L’église doit être dirigée de manière corporative et non solitaire.
Il s’en suit que l’idée que les anciens dirigent l’église, prennent toutes les décisions de la part de l’assemblée, s’occupent de tous ses problèmes et fournissent tout son enseignement est étrangère à la pensée de Paul. La Bible ne dit rien qui puisse faire imaginer une telle chose.
Il ne faut pas s’étonner par la suite que la maturité spirituelle des églises dirigées par des anciens ait tendance à s’atrophier, et que les membres deviennent passifs et indolents.
Il n’y a rien dans le Nouveau Testament pour justifier une église dirigée, gouvernée par des anciens ! Et encore moins par un pasteur ! L’église du premier siècle était entre les mains des frères et soeurs. Purement et simplement.
L’exemple de l’église primitive nous montre que le service de tous les membres doit prendre le dessus sur la direction des anciens. En vertu de leur maturité spirituelle, les anciens ont simplement pour rôle de montrer l’exemple du soin pastoral (Actes 20 :28-29 ; Gal 6 :1 ;1 Pierre 5 :1-4 ; Héb. 13 :17). Le but des anciens, ainsi que des travailleurs extra-locaux est de fortifier les saints afin qu’ils puissent prendre la responsabilité du troupeau (Eph. 4 :11-12 ;1 Thess. 5 :12-13). Les anciens peuvent très bien être à la fois prophètes, évangélistes et enseignants. Mais tous les prophètes, évangélistes et enseignants ne sont pas nécessairement des anciens. Encore une fois, les anciens sont simplement les hommes les plus mûrs et fiables de l’église.
Dans le Nouveau Testament la responsabilité de l’église appartient donc à l’église elle-même. La direction de l’église et la responsabilité pastorale sont la charge de chaque membre, et non d’un pasteur unique, ou d’un groupe d’élites.
Dans la conception divine de l’église, la fraternité précède et passe au-dessus de l’ancienneté.

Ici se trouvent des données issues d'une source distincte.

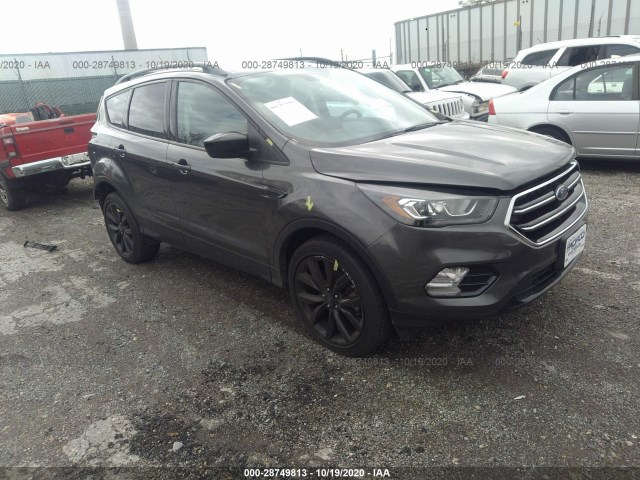 Photo 0 VIN: 1FMCU9GDXHUE42265 - FORD ESCAPE 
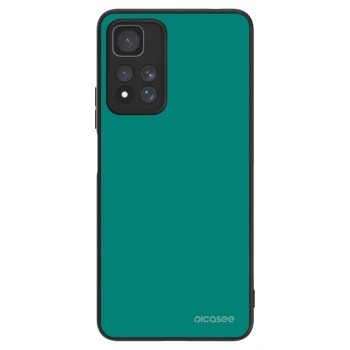 Ovitek za Xiaomi Redmi Note 11 Pro+ 5G - Emerald Mist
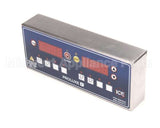 11017088852K Doughpro Proluxe Kitted, Housing/Controller Ass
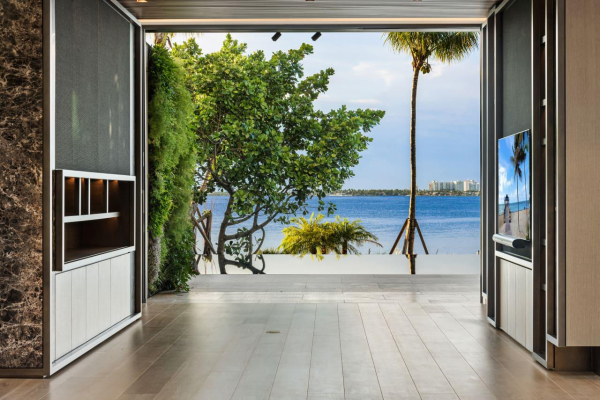 Дэвид и Виктория Бекхэм собрались купить дом в Майами-Бич за $80 млн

Paul comprend que la direction de l’église doit être corporative et il s’oppose à ce que l’assemblée soit dominée par quelques-uns. C’est pourquoi il parle beaucoup plus des frères que des anciens. En cherchant à lui faire endosser le concept de charges ecclésiastiques, on va à l’encontre de tout ce qu’il a dit à ce sujet.
En somme, tout le Nouveau Testament dénonce très clairement l’autorité hiérarchique/positionnelle, en harmonie avec l’enseignement de Jésus. Ainsi, on peut conclure avec la phrase de Jésus : » Il n’en sera pas de même au milieu de vous » (Matt. 20 :26)!